The compiled AveperiodMetadataMessage message to send to data write

Return type:

dataclass

src.radar_control.driver_comms_thread(

radctrl_driver_iden,

driver_socket_iden,

router_addr,

)

Thread for handling communication between radar_control and usrp_driver.

src.radar_control.dsp_comms_thread(radctrl_dsp_iden, dsp_socket_iden, router_addr)

Thread for handling communication between radar_control and rx_signal_processing.

src.radar_control.dw_comms_thread(radctrl_dw_iden, dw_socket_iden, router_addr)

Thread for handling communication between radar_control and data_write.

src.radar_control.main(exp_name, scheduling_mode, embargo, **kwargs)

Run the radar with the experiment supplied by experiment_handler.

Receives an instance of an experiment.
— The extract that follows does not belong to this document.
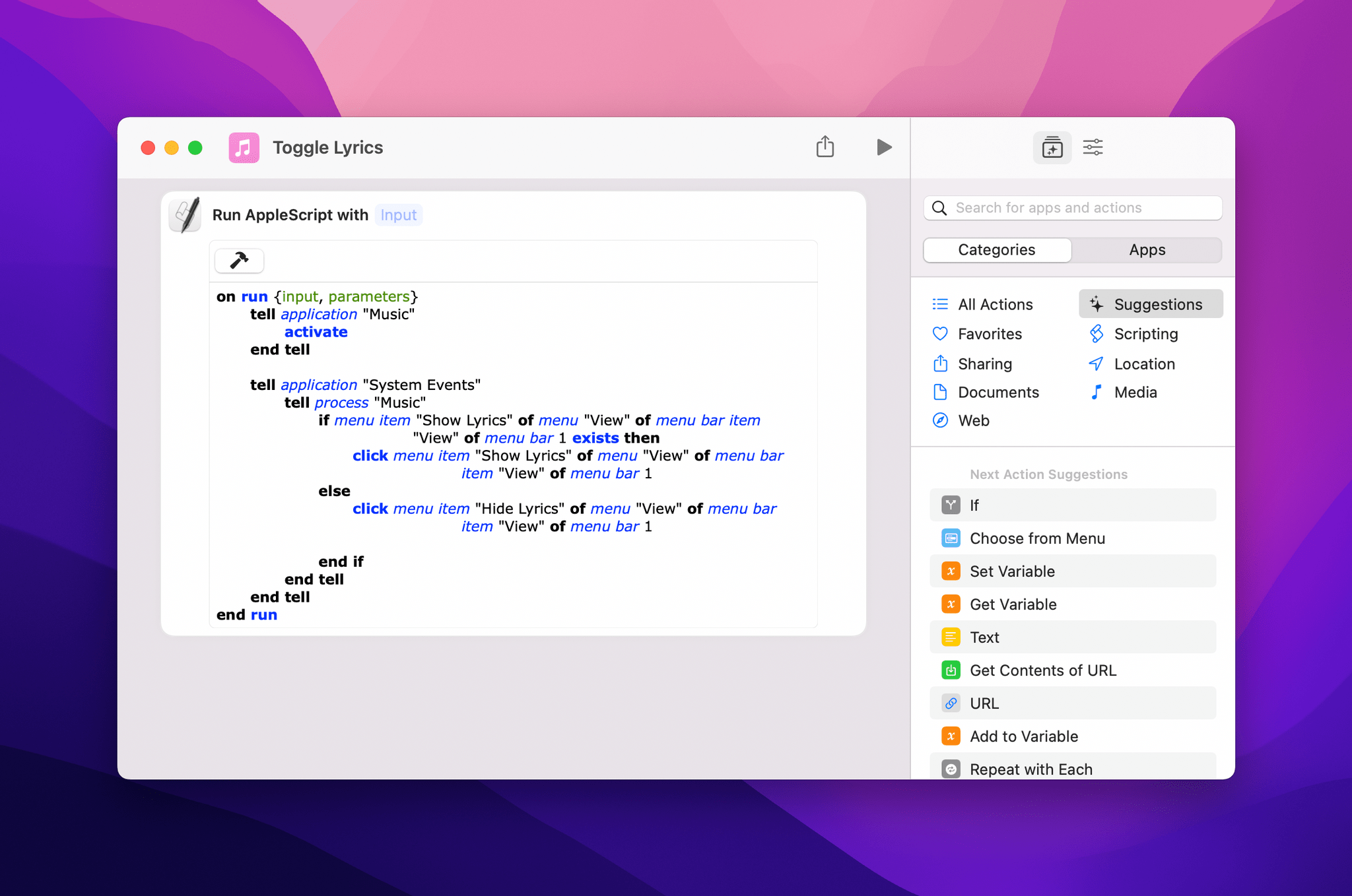 GUI scripting with AppleScript in Shortcuts.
Iterates through the Scans, AveragingPeriods, Sequences, and pulses of the experiment.

For every pulse, samples and other control information are sent to the n200_driver.
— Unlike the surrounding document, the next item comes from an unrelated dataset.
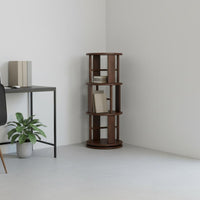 360 Degree Bookcase Solid Wood 360 Degree Book Shelf Revolving Storage Rack Space Saving Floor Standing Book Rack Stable Base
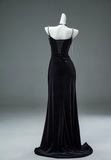 Niulatu Mermaid Spaghetti Straps Velvet Beaded Long Prom Dresses , Elegant Evening Dress HZ1103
For every pulse sequence, processing information is sent to the signal processing block.

After every averaging period, the experiment block is given the opportunity to change the experiment (not currently implemented). If a new experiment is sent, radar will halt the old one and begin with the new experiment.

src.radar_control.make_next_samples(radctrl_params)
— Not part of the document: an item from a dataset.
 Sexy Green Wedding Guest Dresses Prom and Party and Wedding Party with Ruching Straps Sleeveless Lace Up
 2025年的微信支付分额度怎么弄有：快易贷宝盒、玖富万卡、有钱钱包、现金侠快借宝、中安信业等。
src.radar_control.round_up_time(dt=None, round_to=60)

Round a datetime object to any time-lapse in seconds

Parameters:

• dt – datetime object, default now.

• round_to – Closest number of seconds to round to, default 1 minute.

Author:

Thierry Husson 2012 - Use it as you want but don’t blame me.

Modified:

K.Kotyk 2019

Will round to the nearest minute mark. Adds one minute if rounded down.

src.radar_control.run_cfs_scan(radctrl_params, sockets, pulse_buffer)

class src.radar_control.CFSParameters

Parameters used to track clear frequency search data, each use of this class should be linked to a unique aveperiod.

Parameters:

• cfs_freq – list of frequencies sampled by CFS

• cfs_mags – power measurements corresponding to cfs_freq, indexed by beam iterator then by slice order in an aveperiod

• cfs_range – lower and upper frequency bound of CFS

• cfs_masks – mask of frequencies in cfs range that cannot be used for tx, indexed by beam_iter, then slice_id

• last_cfs_set_time – epoch time since a CFS scan was last run. Indexed by beam iterator

• beam_frequency – last frequency assigned to a slice on a beam. Indexed first by the beam iterator, then by the slice_id

• set_new_freq – boolean flag indicating if a new freq should be set for the slices on a beam. Indexed by beam iterator

class src.radar_control.RadctrlParameters

Class holding parameters that are passed between processes during the radar operation.